◆ **WHAT THE TASK ASKS**
Write out again, exactly, the lines below starting at the one with "Смешные ценники до слез" and ending at the one with "Fisherman S Paradise".

◆ **SUPPLIED DATA**
_____

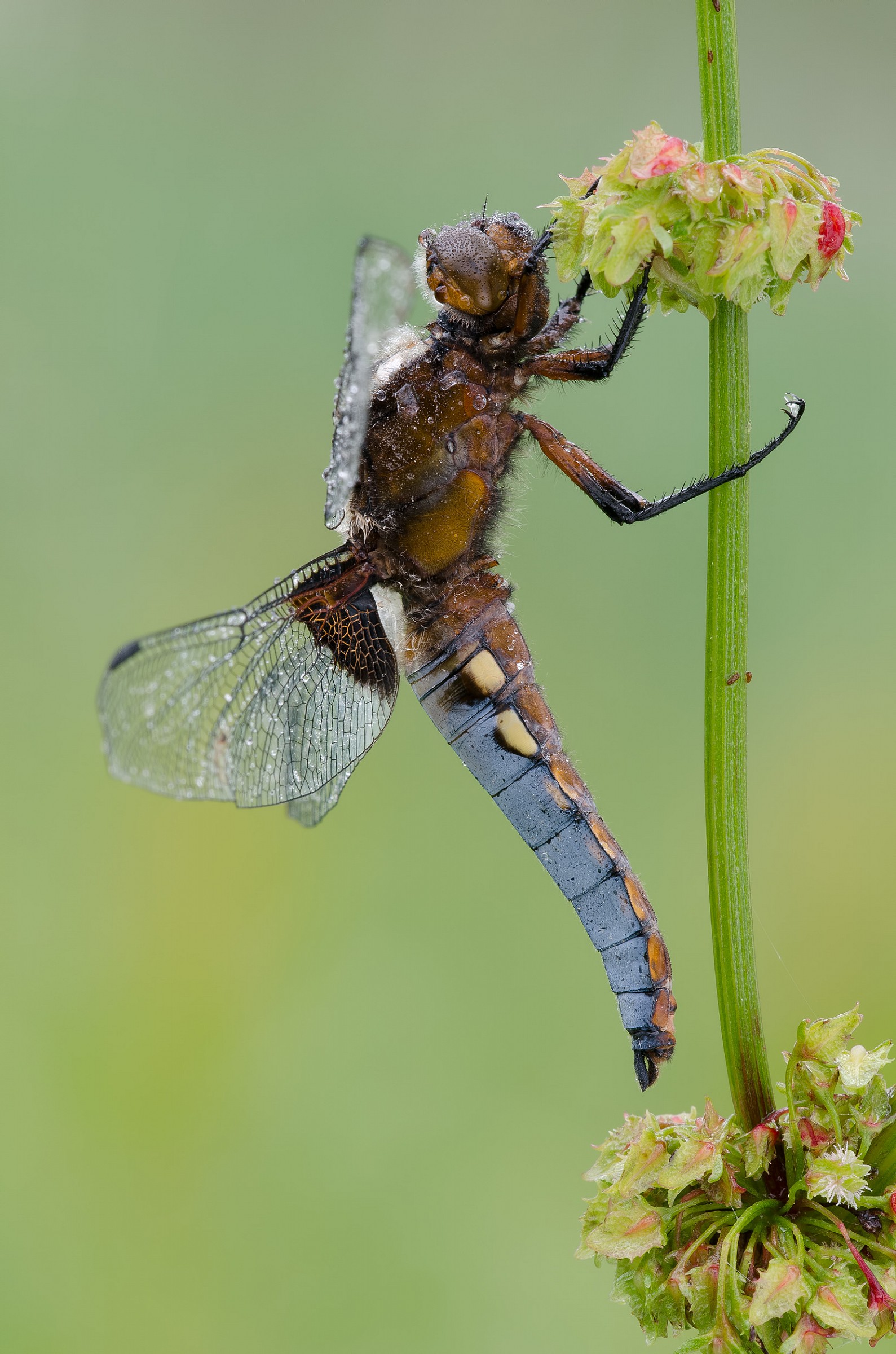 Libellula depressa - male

_____

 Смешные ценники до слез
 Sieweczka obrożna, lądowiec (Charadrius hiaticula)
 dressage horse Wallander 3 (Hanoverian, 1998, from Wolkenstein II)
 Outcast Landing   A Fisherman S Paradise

_____

◆ **EXPECTED ANSWER**
 Смешные ценники до слез
 Sieweczka obrożna, lądowiec (Charadrius hiaticula)
 dressage horse Wallander 3 (Hanoverian, 1998, from Wolkenstein II)
 Outcast Landing   A Fisherman S Paradise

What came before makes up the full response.